Auxiliary Bishop Denis J. Madden
testifies against bill 09-0406.

Friday's decision by U.S. District Court Judge Marvin J. Garbis received some local attention in the Washington, DC metropolitan area but little beyond Baltimore whose blatantly anti-Crisis Pregnancy Center ordinance Judge Garbis struck down. And that is a shame, both because of the substance of the closely reasoned 29-page opinion--which struck the Ordinance on First Amendment free speech grounds-- and what that may portend in the battle against NARAL's nationwide assault against women-helping centers.

On December 4, 2009, under the leadership of then-City Council President (and now Mayor) Stephanie Rawlings-Blake, the Baltimore City Council enacted an ordinance that threatened local pregnancy helping centers with a $150 a day fine if they did not prominently display signs--in English and Spanish--saying that they do not provide abortion and birth control.
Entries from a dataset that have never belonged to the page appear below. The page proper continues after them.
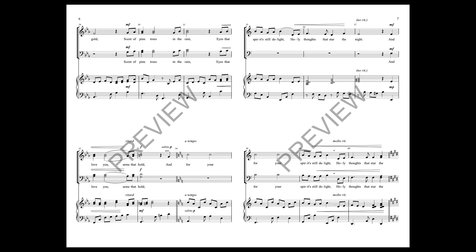And for you, the spirits still delight, only thoughts that soar the night.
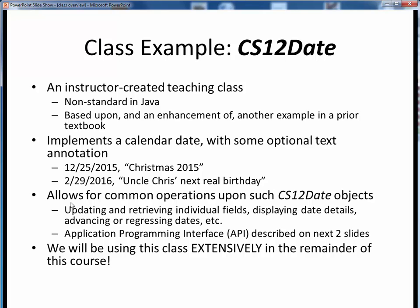Once we have a CS12Date object on hand, this class also provides a series of methods which allows us to do common things, like getting or setting individual field values, displaying the date, moving the date forward or backward in time, and so forth. The full list of these methods is referred to as the Application Programming Interface, or API, and we'll go over that next. We're going to use this class extensively from this point forward, so take some time now to get familiar with it, and you'll see it real soon on an upcoming program assignment.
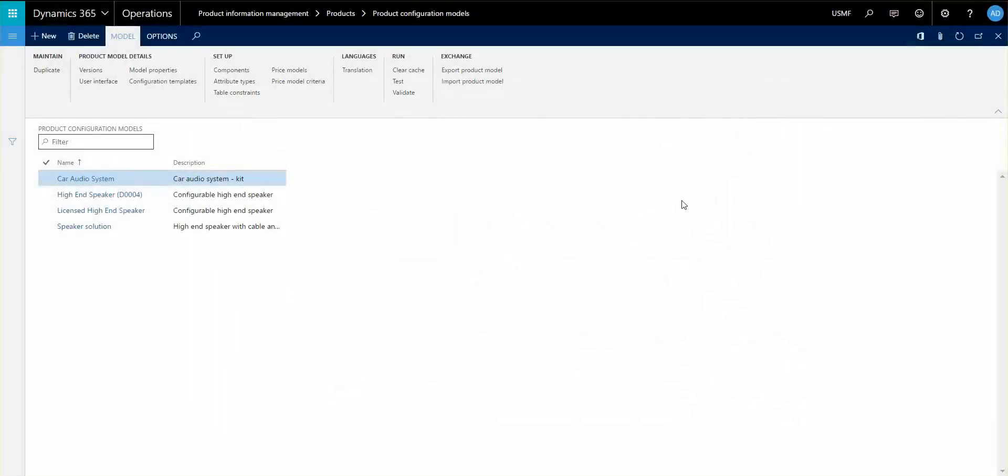Hello and welcome to this ninth video recording of the product configuration models and how to set it up. My name is Jens Christensen.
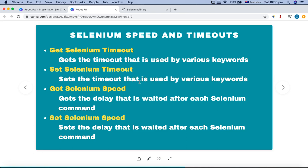That is why we need 'set selenium timeout' — it sets the timeout used by the various Selenium library keywords in Robot Framework that use a timeout. Then 'get selenium timeout' retrieves the timeout that has been set. If you haven't set any timeout, it will return the default timeout from the Selenium library; if you have set your own, it will display that accordingly.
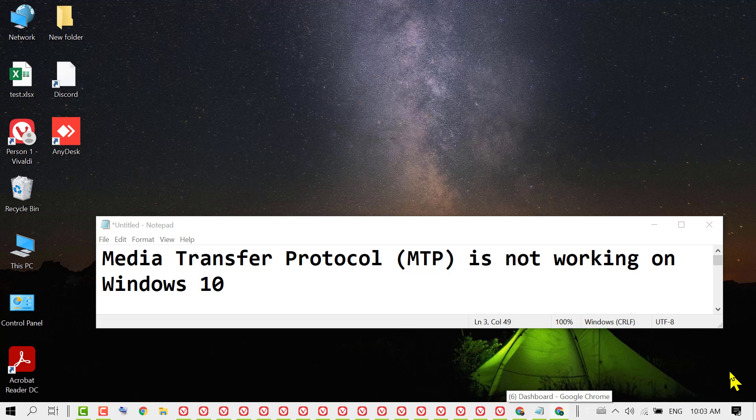In this video I'm going to show you how to fix Media Transfer Protocol (MTP) is not working on Windows 10.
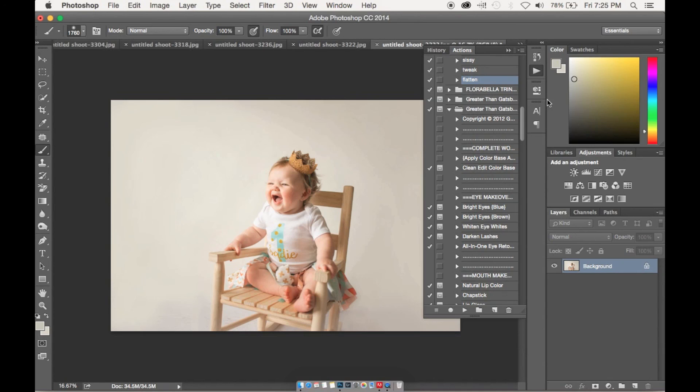And then we're all done and that's how you use Batch in Photoshop. Thanks guys for watching and I will see you on the next one. Bye!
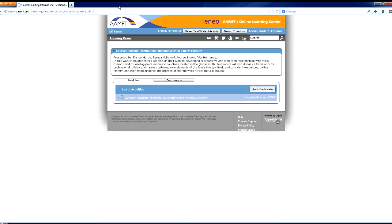Congratulations! You are now ready to start using your personalized online learning classroom.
We'll analyze Judge Garbis' point-by-point demolition of the city council's feeble defense in a moment. Suffice it to say that he began his opinion with this summary statement:

"The Court holds that the Ordinance violates the Freedom of Speech Clause of Article I of the Constitution of the United States and is unenforceable. Whether a provider of pregnancy-related services is 'pro-life' or 'pro-choice,' it is for the provider –– not the government –– to decide when and how to discuss abortion and birth-control methods."

BACKGROUND

According to the Baltimore Sun, Rawlings-Blake "introduced the bill at the behest of Planned Parenthood, a pro-choice organization that hopes the Baltimore legislation will serve as a model for a national effort." Testifying in favor of the measure were representatives of NARAL Pro-choice Maryland and Planned Parenthood.

And it HAS served as a model. NARAL and its allies are busy. According to Care Net, in addition to Baltimore, bills have been passed in Montgomery County, Maryland, and Austin, Texas. State bills have been attempted across the country but have been defeated. Bills are currently being considered in New York City and in Washington State.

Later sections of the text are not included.